The Wallace Collection

Display

  • Kevin Coates - A Notebook of Pins

  • Friday 7th September, 2007 - Sunday 30th September, 2007

  • Price: Admission Free
  •  

    A Notebook of Pins will provide a more detailed glimpse for Wallace Collection visitors into the intricate and searching work of the Wallace Collection’s new Associate Artist, acclaimed goldsmith Kevin Coates. This display of his latest collection will open at the Wallace Collection in September, before moving in October to America’s Mobilia Gallery. Of the twenty pins in the display, all designed to be worn, eight are directly inspired by the Collection, some by iconic pieces such as The Swing, others by tiny treasures many may never have noticed.

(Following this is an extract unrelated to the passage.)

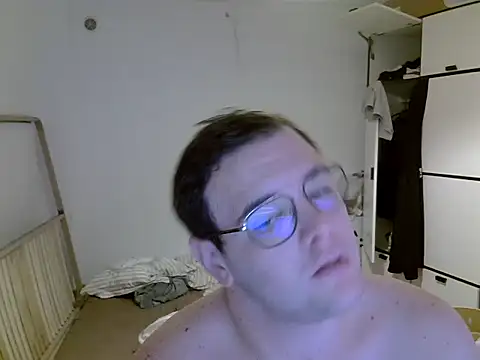 Snapshot of dadafla34 chatting on December 2024 05:49:02 AM dadafla34 online show from December 2024 05:49:02 AM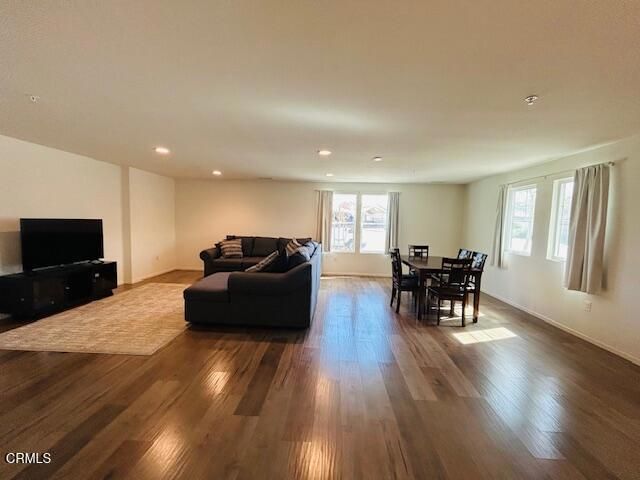 4045 Aurora Way, Piru, CA 93040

    The unique status of the pin has long fascinated Coates. Originally attracted by the purity and economy of a form which does not need to make concessions to the practical problems of function in jewellery, Coates soon found his ideas growing in complexity and significance. Whilst maintaining the simplicity of the form, he has given free reign to a grander vision, by placing the pins in hard mounts. Based on the drawings from the notebooks in which the jewels were originally conceived, these mounts offer a comfortable home for the pins and bear the thought process and workings which went into their creation – allowing the viewer a snapshot into another world – that of the maker, and thus changing the perceptions of adornment normally associated with jewels.

    Whilst some jewels are inspired by long term fascinations, such as Time and Mozart (Coates is also a musician) many of the pieces in A Notebook of Pins take their cue from Wallace Collection artworks, but with interesting twists. The Wallace Collection influences are eclectic and fully traverse this exceptionally wide-ranging collection. Starting points can be as simple as the romantic ideal of a Tuscan landscape on a maiolica bowl leading to Castle-in-the-air, a tiny German bronze lion (The Lion within…) evocative for Coates through its association with Venice’s guardian lion of St Mark, to the many images in the Collection of dead hares, especially in the remarkable family portrait by Van der Helst. Coates’s Lunar Hare, in contrast, however, is safe and living.

    Three pins take their inspiration from some of the most celebrated artists and most iconic images, but explore hidden and lesser known details. Fragonard’s The Swing is a famous example of a system of mystery and gradual unveiling, a process favoured by Coates himself. The Lady on the Swing is in many ways a type of 18th century tease… In his pin Fragonard’s L’Amour volé, Coates appropriates the carved figure of L’Amour in the background of the painting, itself stolen, or at least borrowed from an earlier artwork.

    Watteau’s commedia dell’arte figures have long been present in Coates’s work; the Harlequins immediately involving, iconic, accessible and inviting, but infused with the vulnerability which was the true foundation of the Arcadian world of the fête galante. In Variations on a Garden of Love, Coates reconstructs the façade of the rusticated temple from Gilles and his Family and installs Columbine and her over-amorous suitor from Harlequin and Columbine.

    The display will close with Poussin’s thumbprint, inspired by Poussin’s great canvas, A Dance to the Music of Time, a painting which has stimulated artists throughout history (see Anthony Powell’s cycle of novels).) The focus of the pin however, is not just the dancers or putti, but Poussin’s thumbprint itself, recently discovered on the canvas by forensic examination – a lasting remnant of his painting techniques and a symbol itself of fugitive Time.